I'm trying to set up a way for me to just type newjournal, and a new journal entry named year-month-date-time.txt is created in a year subdirectory in ~/documents/journals.
I've got it set up as an alias using the following:
alias newjournal='nano /home/username/documents/journals/'$(date +%Y)'/'$(date +%F-%k%M).txt''
So the year subfolder resolves correctly, and seemingly so does the first half of the date command. Tried appending the alias with sudo, didn't help.
Issue: For some reason, when I do this command the time value (%k) resolves to a few minutes ago... or maybe the last time nano ran this filename, maybe it's called an old buffer?
When I logoff it makes the correct file, then I save, wait a few minutes and try again, and it edits the old file instead of making a new one. Even if I remove the old file, it creates a new file with the old filename (incorrect time).

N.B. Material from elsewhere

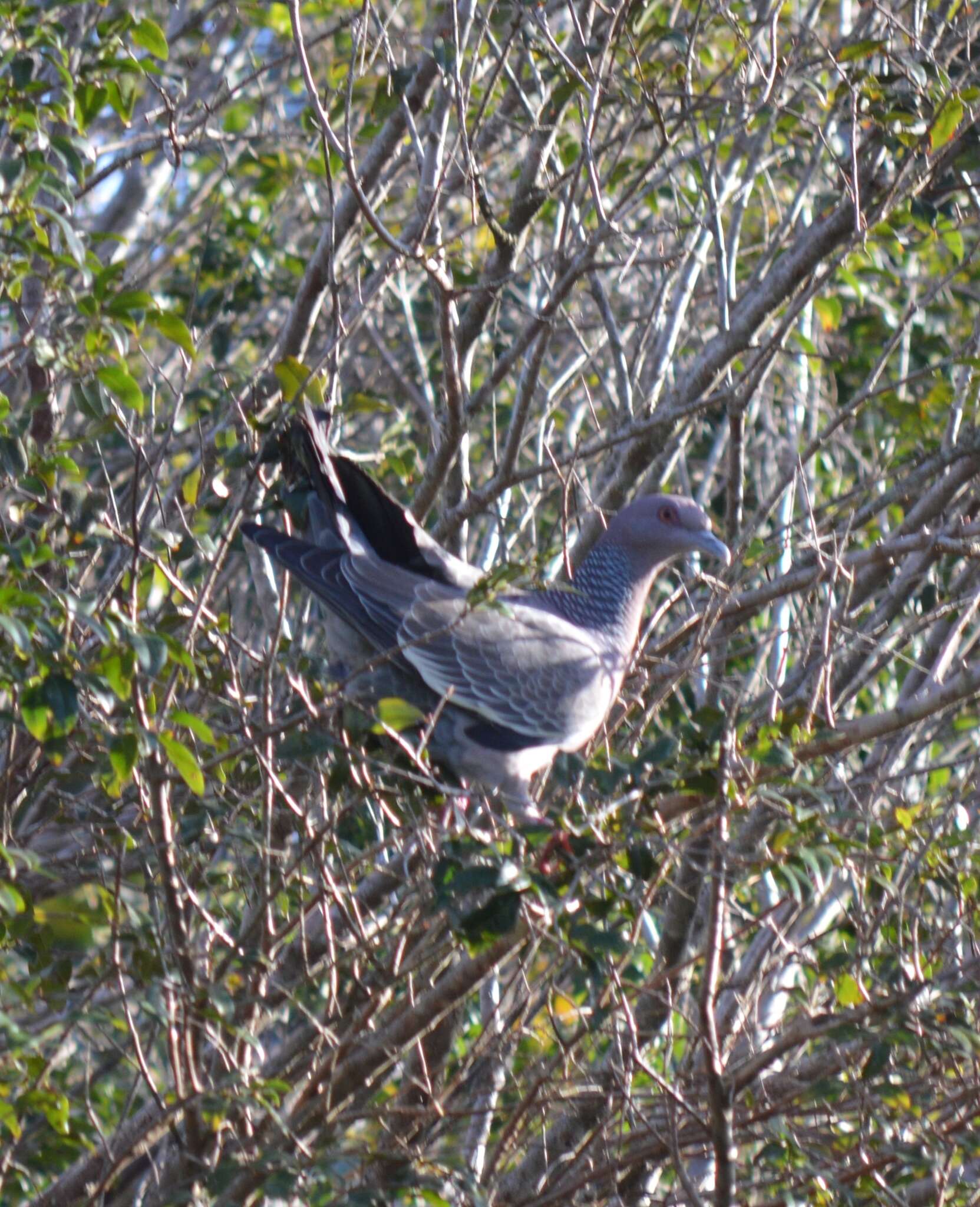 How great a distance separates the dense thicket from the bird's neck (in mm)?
200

Here's a screenshot of what I'm trying to explain. Here I create a newjournal, save in nano within a second or two of executing the command, print the correct date/time, list the file that was created. Note the incorrect filename time (1249, as apposed to 13:11):
Anyways, it might be something simple, but I've tried different methods in the alias, such as putting double quotes around the whole thing and escaping properly, single quoting, escaping and spacing, etc.
Thanks for the read/help. Ubuntu 16.04 server.
EDIT: Here's the final alias that worked:
alias newjournal='nano /home/user/journals/"$(date +%Y)"/"$(date +%F-%H%M).txt"'
Needed to double quote the date commands inside the overall single-quoted alias.